Initialization of warfarin dosages using computer modeling

Objective: Software incorporating warfarin pharmacokinetics and pharmacodynamics, as well as a Bayesian regression method, was evaluated for accuracy in predicting steady-state dosages of warfarin during initialization of anticoagulation therapy. Design: A cohort study was used to compare computer predictions with physician-determined doses during a retrospective chart review of 42 patients. Patients: Forty-two patient charts were selected for monitoring anticoagulation initialization therapy. Of the 42 patients reviewed, 22 were excluded on the following bases: uncontrolled congestive heart failure; ongoing treatment with medications that interfered with warfarin metabolism or displaced warfarin from protein binding sites; recent treatment with fresh frozen plasma or vitamin K; or any bleeding disorders, sepsis, malabsorption or significant changes in liver and/or renal function.
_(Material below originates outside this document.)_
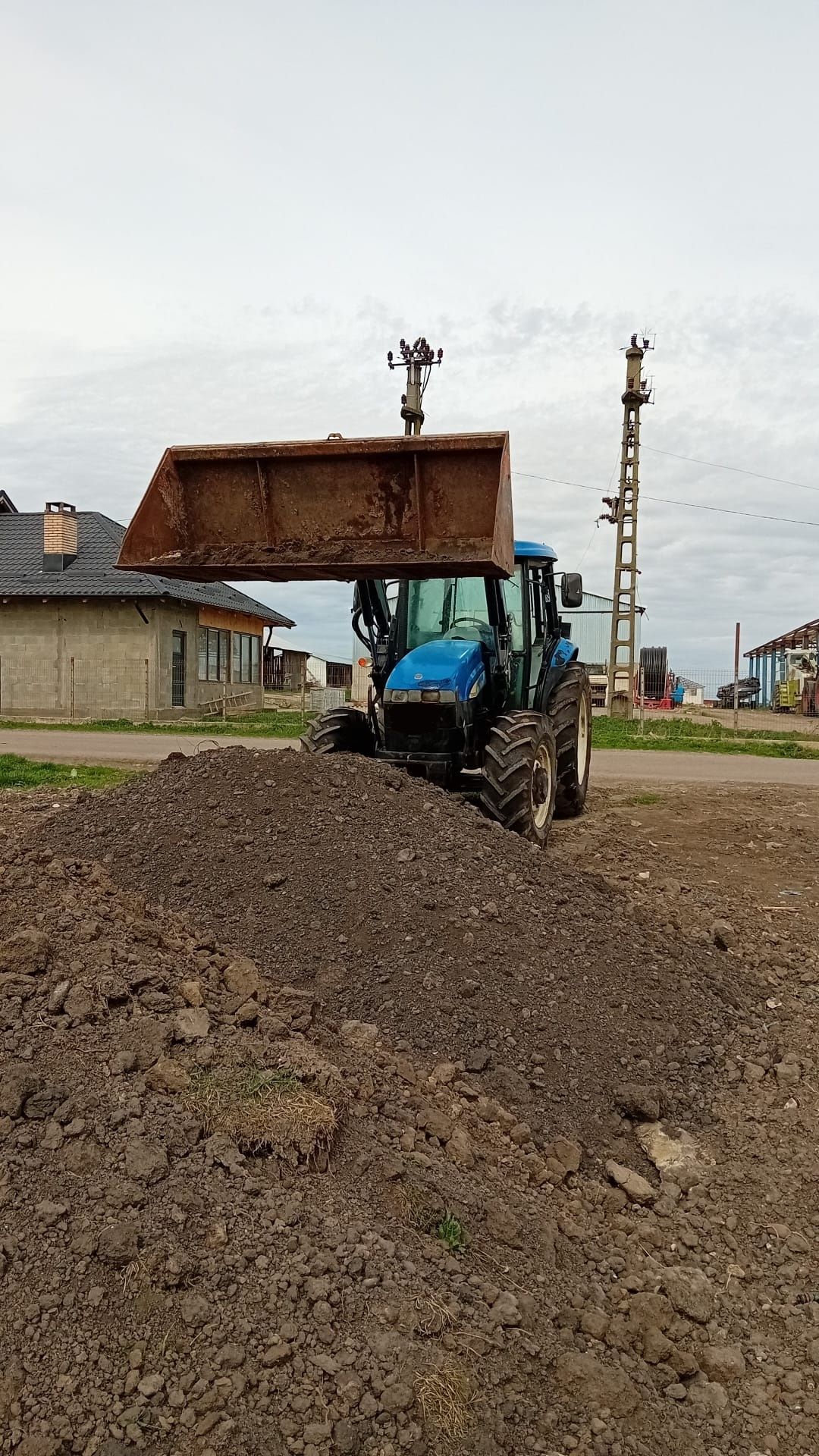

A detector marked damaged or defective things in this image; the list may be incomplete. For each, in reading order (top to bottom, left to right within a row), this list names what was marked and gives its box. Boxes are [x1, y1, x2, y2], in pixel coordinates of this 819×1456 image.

rusty metal bucket [116, 431, 510, 585]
Main Outcome Measures: Using physician-determined International Normalized Ratios (INRs) as target levels for the software, the number of INR feedbacks needed to stabilize blood drug levels during initialization were compared between physicians and computer forecasting. Population parameters and sequentially measured INRs were used for evaluation. Results: Current oral anticoagulation protocols require significantly more measured INRs than computer forecasting to achieve steady-state dosages (9.5 v 4.4, respectively, p < 0.01). Physicians showed a statistically significant pattern of underdosing patients (4.3 v 1.7 subtherapeutic INRs, respectively, p < 0.01). Computer predictions tended to overdose patients but did not significantly increase the number of supratherapeutic INRs. This study showed that five INR inputs consistently gave accurate steady-state dosage predictions, and in many ways computer modeling was more effective than clinician-determined steady-state dosing in warfarin initialization. Conclusions: Computer modeling provides a reliable means of predicting initialization dosages for warfarin anticoagulation therapy with five INR inputs and therefore has merit in the clinical setting if used with sound clinical judgment.